The Histone Deacetylase Family: Structural Features and Application of Combined Computational Methods.

Histone deacetylases (HDACs) are crucial in gene transcription, removing acetyl groups from histones. They also influence the deacetylation of non-histone proteins, contributing to the regulation of various biological processes. Thus, HDACs play pivotal roles in various diseases, including cancer, neurodegenerative disorders, and inflammatory conditions, highlighting their potential as therapeutic targets. This paper reviews the structure and function of the four classes of human HDACs. While four HDAC inhibitors are currently available for treating hematological malignancies, numerous others are undergoing clinical trials. However, their non-selective toxicity necessitates ongoing research into safer and more efficient class-selective or isoform-selective inhibitors.
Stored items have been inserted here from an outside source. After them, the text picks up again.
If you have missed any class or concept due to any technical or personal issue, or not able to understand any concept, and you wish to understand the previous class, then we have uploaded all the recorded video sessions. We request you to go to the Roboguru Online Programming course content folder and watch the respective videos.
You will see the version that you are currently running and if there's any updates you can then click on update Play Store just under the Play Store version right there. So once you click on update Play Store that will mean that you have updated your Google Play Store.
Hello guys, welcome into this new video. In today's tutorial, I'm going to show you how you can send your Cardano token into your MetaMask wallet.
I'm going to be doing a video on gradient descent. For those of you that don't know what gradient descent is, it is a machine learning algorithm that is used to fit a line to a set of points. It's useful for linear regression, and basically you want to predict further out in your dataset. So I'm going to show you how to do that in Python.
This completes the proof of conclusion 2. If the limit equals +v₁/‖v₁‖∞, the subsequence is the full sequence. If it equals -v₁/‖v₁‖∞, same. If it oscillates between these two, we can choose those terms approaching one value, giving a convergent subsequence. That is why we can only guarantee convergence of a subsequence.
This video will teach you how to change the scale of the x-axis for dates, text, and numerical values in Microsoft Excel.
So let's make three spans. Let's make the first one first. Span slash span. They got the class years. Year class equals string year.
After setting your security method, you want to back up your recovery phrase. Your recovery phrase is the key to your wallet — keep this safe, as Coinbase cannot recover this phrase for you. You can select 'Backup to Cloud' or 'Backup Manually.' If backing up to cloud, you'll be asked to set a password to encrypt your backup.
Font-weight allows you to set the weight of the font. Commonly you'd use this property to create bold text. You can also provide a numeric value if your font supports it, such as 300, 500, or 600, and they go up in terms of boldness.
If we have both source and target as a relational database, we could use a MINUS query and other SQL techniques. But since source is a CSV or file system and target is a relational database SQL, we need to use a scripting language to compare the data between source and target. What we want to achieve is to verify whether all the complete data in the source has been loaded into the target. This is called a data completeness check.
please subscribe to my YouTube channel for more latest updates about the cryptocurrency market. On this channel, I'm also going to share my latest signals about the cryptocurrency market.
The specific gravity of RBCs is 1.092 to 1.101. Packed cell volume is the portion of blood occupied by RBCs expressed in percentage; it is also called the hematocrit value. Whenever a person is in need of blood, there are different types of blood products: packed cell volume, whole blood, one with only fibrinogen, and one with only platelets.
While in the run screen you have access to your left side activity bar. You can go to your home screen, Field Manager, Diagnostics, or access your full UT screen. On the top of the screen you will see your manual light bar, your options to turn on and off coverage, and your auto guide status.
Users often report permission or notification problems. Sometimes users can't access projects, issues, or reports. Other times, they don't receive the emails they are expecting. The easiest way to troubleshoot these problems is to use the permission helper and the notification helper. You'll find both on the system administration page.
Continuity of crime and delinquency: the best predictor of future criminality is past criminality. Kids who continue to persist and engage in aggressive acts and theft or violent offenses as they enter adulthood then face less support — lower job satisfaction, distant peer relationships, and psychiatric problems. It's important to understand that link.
Computational techniques have greatly facilitated the discovery of HDAC inhibitors that achieve the desired potency and selectivity. These techniques encompass ligand-based strategies such as scaffold hopping, pharmacophore modeling, three-dimensional quantitative structure–activity relationships (3D-QSAR), and structure-based virtual screening (molecular docking). Additionally, advancements in molecular dynamics simulations, along with Poisson–Boltzmann/molecular mechanics generalized Born surface area (PB/MM-GBSA) methods, have enhanced the accuracy of predicting ligand binding affinity. In this review, we delve into the ways in which these methods have contributed to designing and identifying HDAC inhibitors.